Bloomberg School of Public Health

So in this next lecture set, Lecture 5, we're going to talk

about a phenomenon called effect modification, or interaction.

Which like confounding, involves interpreting an outcome exposure, or

two variable relationship, with regards to another variable behind the scenes.

But, the type of effect on this relationship that we are looking for

is different than when we were dealing with confounding.

So in this lecture set, we will define this concept of effect modification,

compare and contract it to confounding, and give multiple examples of how to

investigate effect modification if it's part of the research process.

And what conclusions to make when you look at the results of the investigation.

So in this first section, we're going to start with the introduction to effect

modification and give two examples.

In section B, we'll follow up with more examples.

And we'll reconnect in section C to reaffirm our

discussion about the differences between confounding and effect modification.

So hopefully, by the end of this lecture section,

you'll have, you'll be able to define the concept of effect modification, and

explain how it is different than confounding.

And, you'll also gain exposure to two examples of

investigating effect modification as part of a research question.

So we've talked in lecture 4 about confounding, and the idea of

confounding is the nature of association can differ substantially in magnitude.

And even reverse direction sometimes when we look at

it on the whole versus adjusting it for the potential influence by

other factors that are related to both things we're associating.

So this can occur, we know, confounding can occur when the association,

we generally say an exposure x and an outcome y,

is confounded by another variable or set of variables.

In that case the overall association we look at ignoring those other

variables versus the overall association we get after adjusting for

those other confounding variables will differ.

In fact modification has to do not with the relationship between a third variable

and it's relationship to the two variables we're into, interested in associating.

But it's relationship to the relationship between those two variables.

So, if that modification occurs when the nature of the association can differ and

sometimes substantially.

A different sub-populations from an overall population.

So for example, an association can differ for males and females.

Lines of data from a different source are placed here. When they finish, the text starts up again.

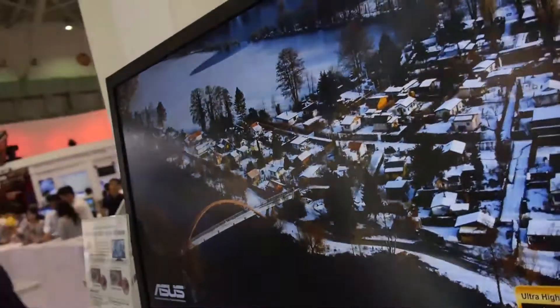It looks quite beautiful and stunning, and even from the sides you can see that the colors don't change a bit.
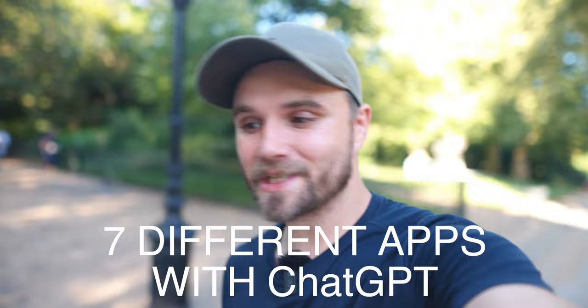But what a lot of people don't know or seem to be ignoring is that it can make entire apps from scratch — apps that you can sell as a service or as a product. In this video, I'm going to be walking you through seven different apps that you can make with ChatGPT and absolutely nothing else. I've made all seven of these without touching a line of code, and four of them are already making money.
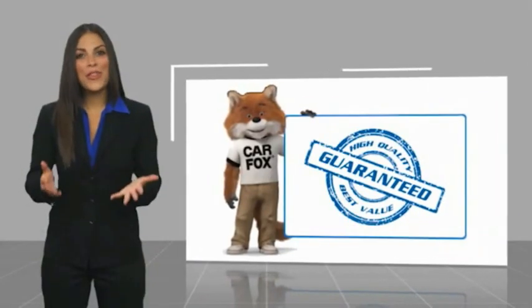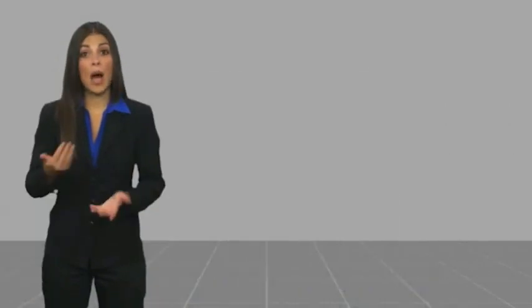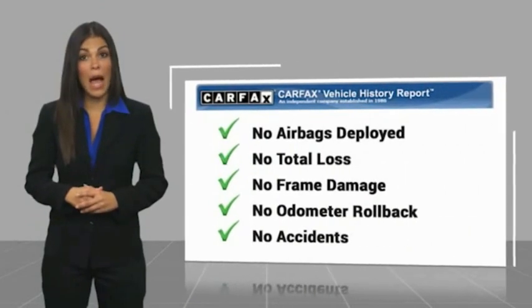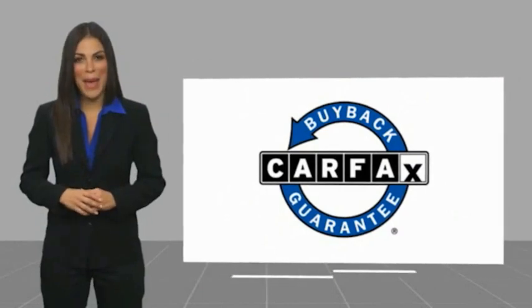Here's another high-quality vehicle with a Carfax Vehicle History Report. Be sure to find a complimentary copy of this report online or contact the dealership. This vehicle qualifies for the Carfax Buyback Guarantee.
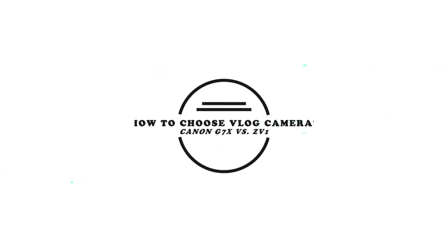Hello everyone, today I'm going to talk about how to make the right choice for your vlogging camera. I'll make some suggestions based on my personal experience and other people's stories regarding these gears.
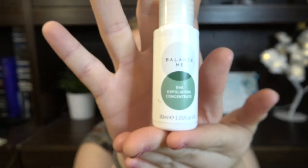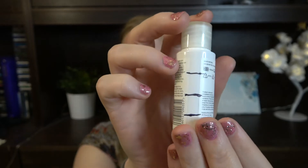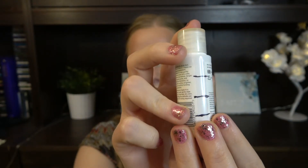Then we have the BHA Exfoliating Concentrate from Balance Me. This is something I kind of forgot about but have begun using again. This is all the progress I have for these two months, but I'd say about half of that I accidentally poured out — I dropped it a little bit. So this isn't all organic use. I do think I can use up the rest of it in two months' time.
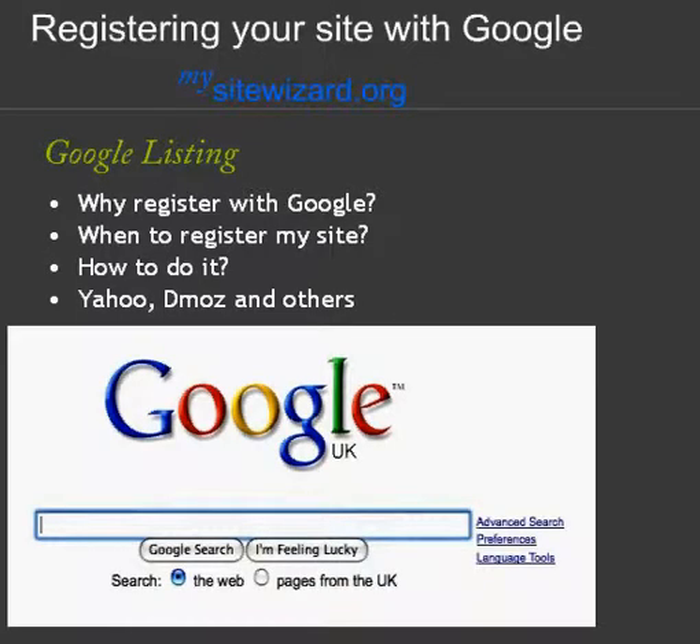Hello, this is Carol at MySiteWizard.org. Today's tutorial is on registering your site with Google.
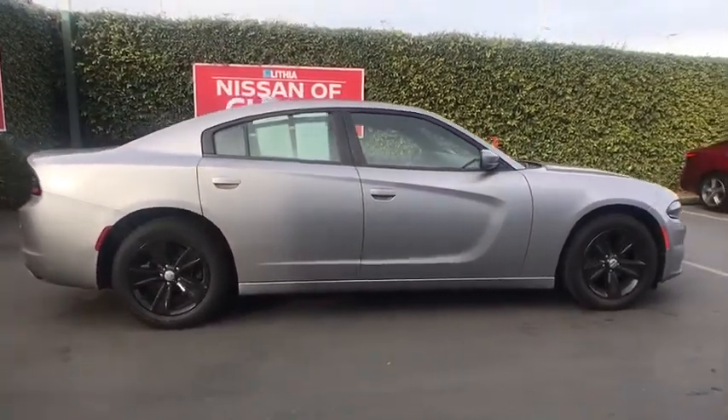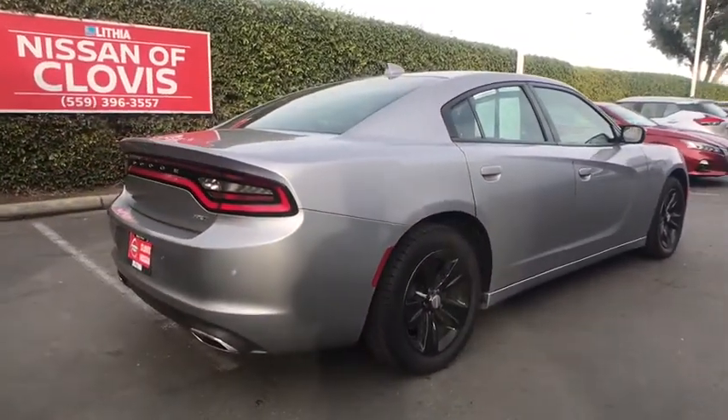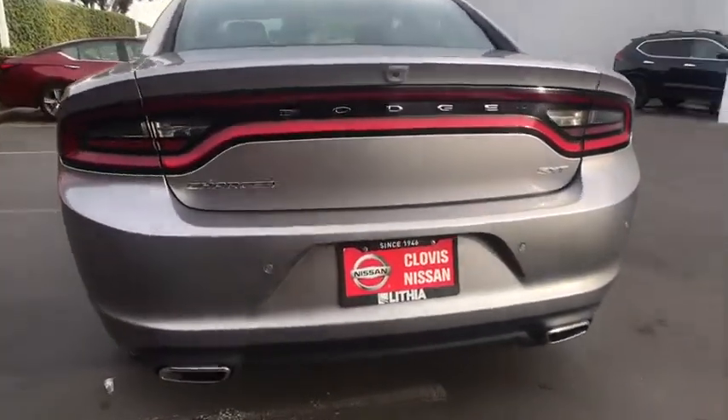The Charger is a powerful sedan that excites at every turn. Peace of mind comes standard with Charger's 5-star government front and side impact crash test rating. This vehicle has less than 25,000 miles.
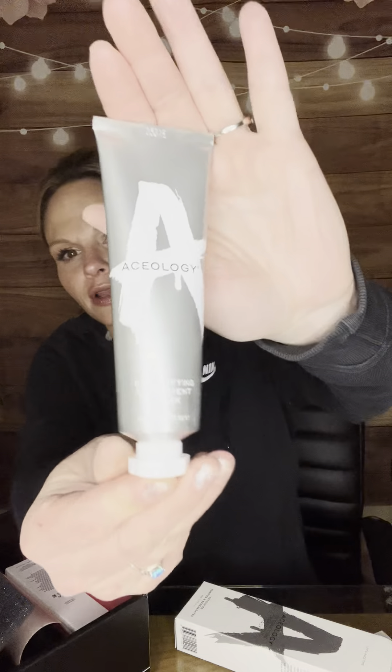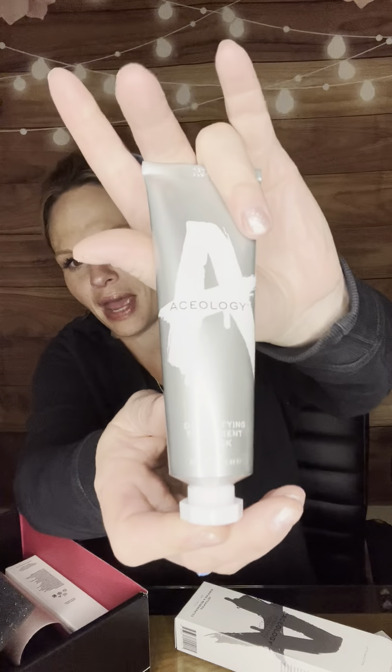Next I got another one of the Aceology Detoxifying Treatment Masks. These retail for $69. I did also get this in my PR box, but I think I will hold onto this because I love skincare and I have tried the one I got earlier in the month and I love it, so I'll keep this as a backup. I know that some people when they get BoxyCharm want all makeup and don't want skincare in the box, and then there are those who love skincare, and those who fall in the middle. I definitely fall in the middle.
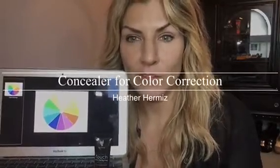What is up, girls? Why is this crazy lady holding her computer into the camera? And why is there a color wheel on her computer? Is she taking me to art school? Yes, she is. Why? Because makeup is art.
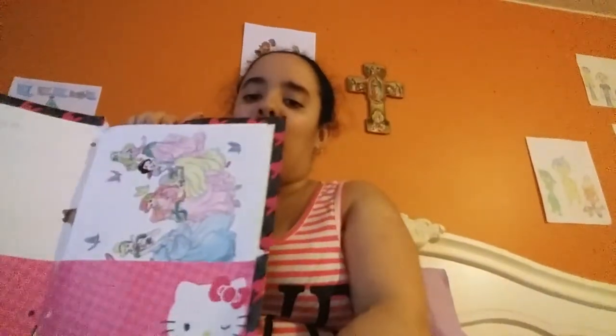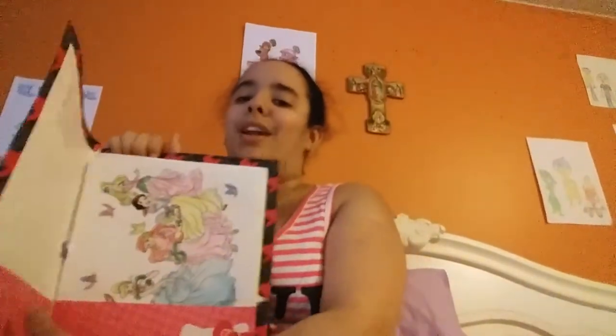Now we're moving on to a folder. This one has a Hello Kitty design on it. I really love Hello Kitty because they have so many pictures of a princess.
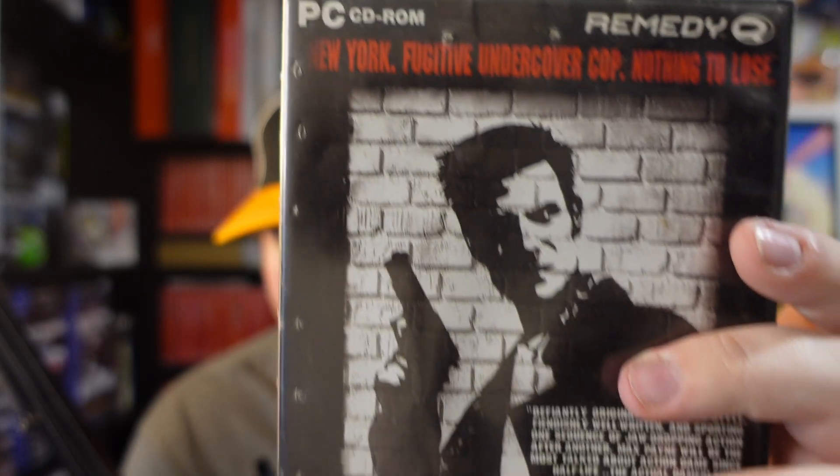A nice PC copy of Max Payne — love how the Remedy logo is right on there. The case looks like they bullet-punched it or something. A Greatest Hits copy of Fallout 3, Battlefield 3, Gran Turismo 5 — a lot of stuff without much value but that's fine. Batman: Arkham City, and then a Batman 2-pack Greatest Hits of Arkham Asylum and Arkham City together — I've never seen that before. You can kind of tell when something was donated: whoever donated this stack owned both versions. Crysis 3 as well.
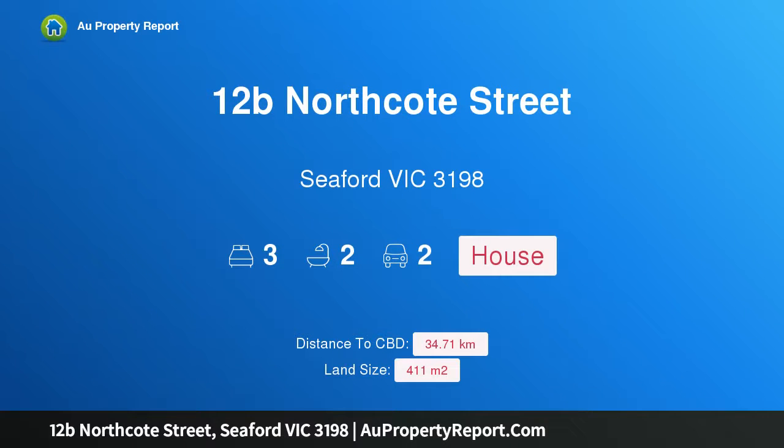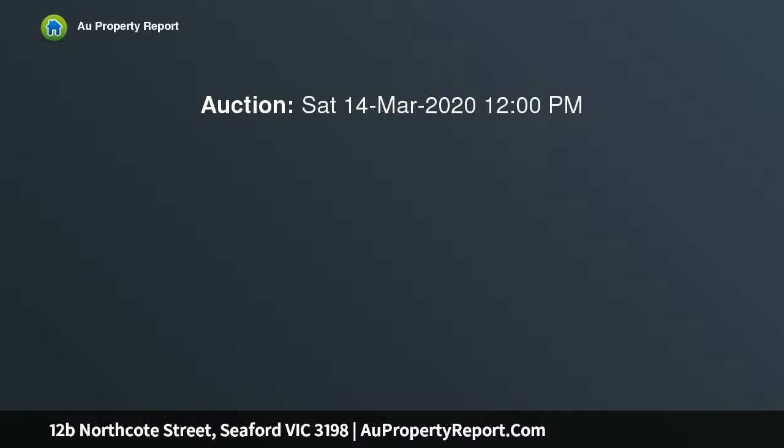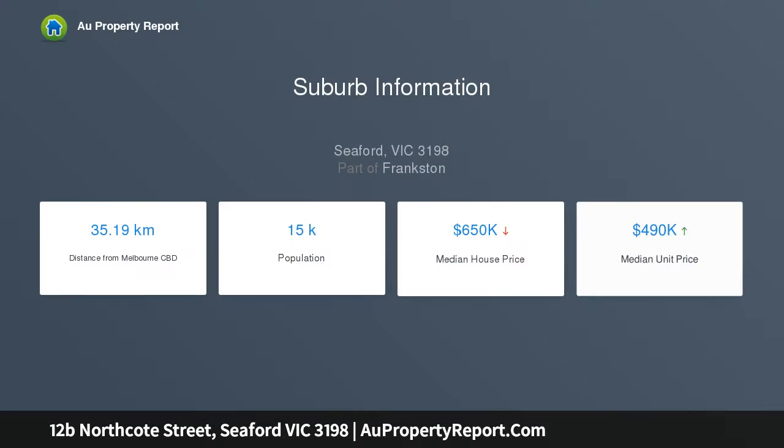Hi, I am glad to introduce property 12b North Coast Street, Seaford Victoria 3198. Brand new, single-story and coveted beachside position. This truly amazing residence boasts premium finishes, privacy and a fabulous floor plan in one of Seaford's most prized positions. Brand new and built by a quality local builder, it will be evident upon inspection as to the care and detail gone into this home.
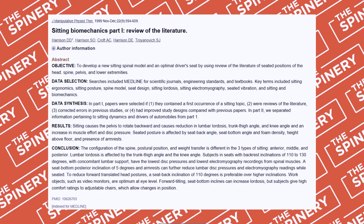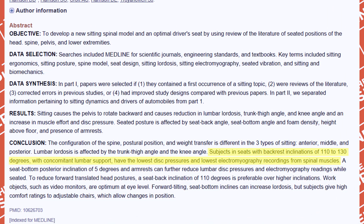The first study we're going to look at found that reclining is actually better for the muscles in your spine. This is research from an article from JMPT, and they found that subjects with seats with backrests at an inclination of 110 to 130 degrees, coupled with lumbar support, have the lowest disc pressures and the lowest electromyography recordings from spinal muscles. Electromyography, or surface EMG, is similar to an EKG or ECG — it measures the electrical activity in and around the paraspinal muscles, indicating stress of the muscles and nerves.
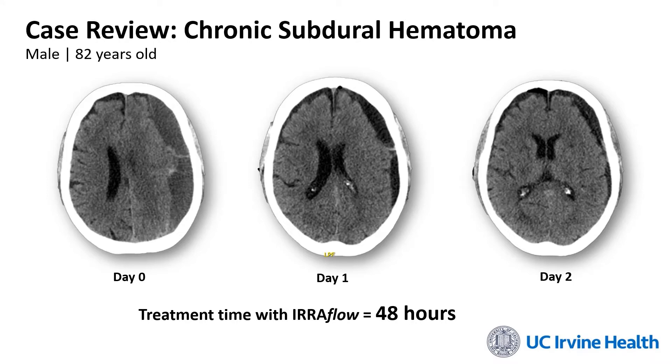The overall time for IRA Flow drainage was approximately 48 hours. For the irrigation component, we had a very conservative irrigation rate of between 30 and 50 milliliters per hour. The output for the first day was approximately 80 milliliters per hour, and on the second day approximately 50 milliliters per hour. Throughout the course of drainage we did see a net positive output of fluid, meaning that none of the irrigation placed into the intracranial cavity remained there — everything came out along with additional blood products.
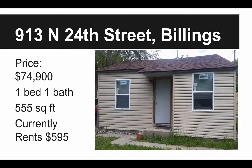This property is at 913 North 24th Street in Billings, Montana, and it's priced at a really low price of only $74,900. It is a one bedroom, one bath, around 555 square feet, and it currently rents for $595. So this could make a great home for a first-time buyer, or a great addition to your rental portfolio. Let's get to some pictures and check this little guy out.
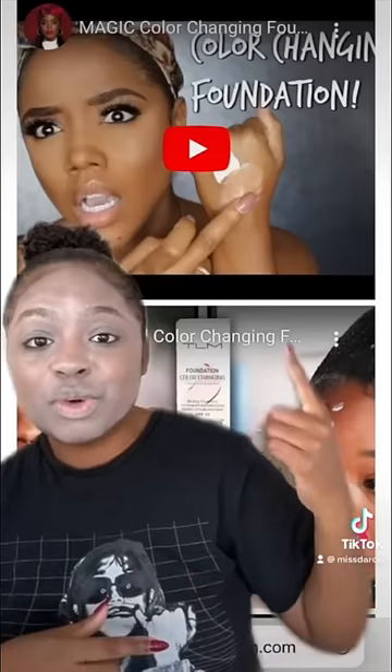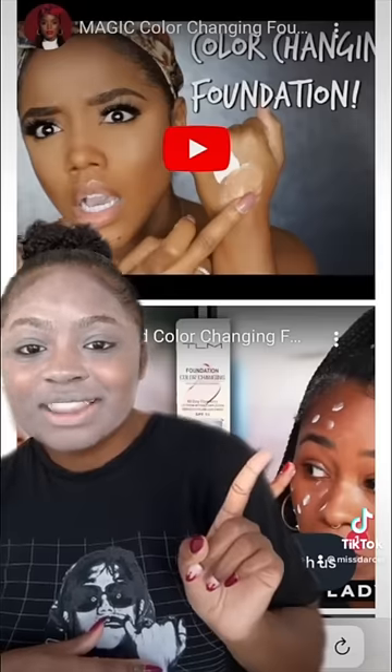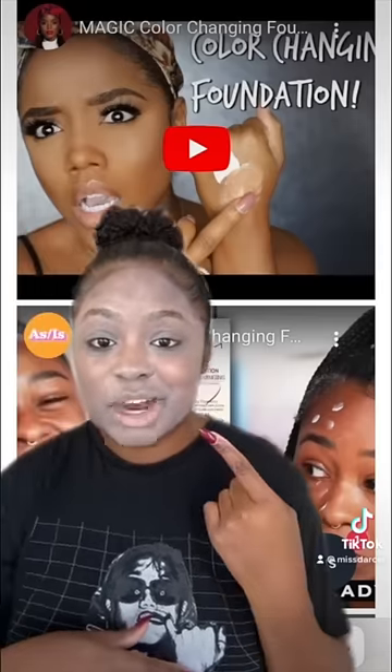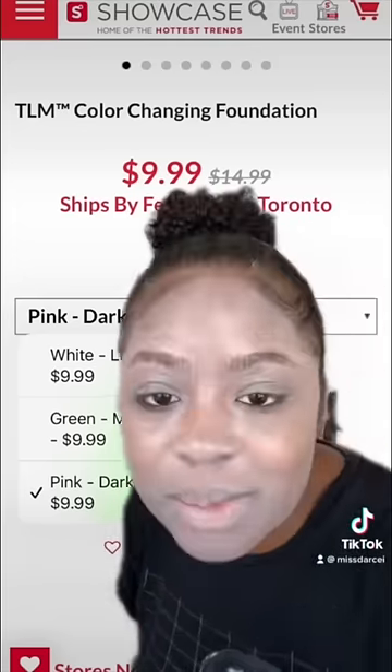I need y'all to be for real. Upon further inspection, their website says that their foundation works on skin tones that look really similar to mine, and they've even used YouTubers' reviews on their website. This top one up here is not even their foundation, and the second one — the girl looked just like me when she tried it on. Clearly this is a scam and it's false advertising. Don't waste your money.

A drug could work for females and have harmful effects for males.

A association between blood pressure and physical activity may differ by age group.

So when this occurs, when association between an exposure x and

an outcome y depends on at least one other variable.

Even if this other variable is not directly related to either x or

y then we have a phenomena called effect modification.

So just diagrammatically this occurs when the relationship between y and

x depends of the value of a third variable z.

So notice this picture I've drawn, I've drawn an arrow between Z and

a line connecting X and Y to indicate that Z effects the association between Y and

X if it's an effect modifier.

If we ignore this effect modificier, fier to look for it we,

this can result in estimating one overall outcome exposure relationship either

unadjusted or adjusted.

Comparing everyone in one number when we

really need to estimate separate outcome exposure relationships for

different values of our Effect Modified to tell the story of the phenomena.

So some examples, of results, for Effect Modifications.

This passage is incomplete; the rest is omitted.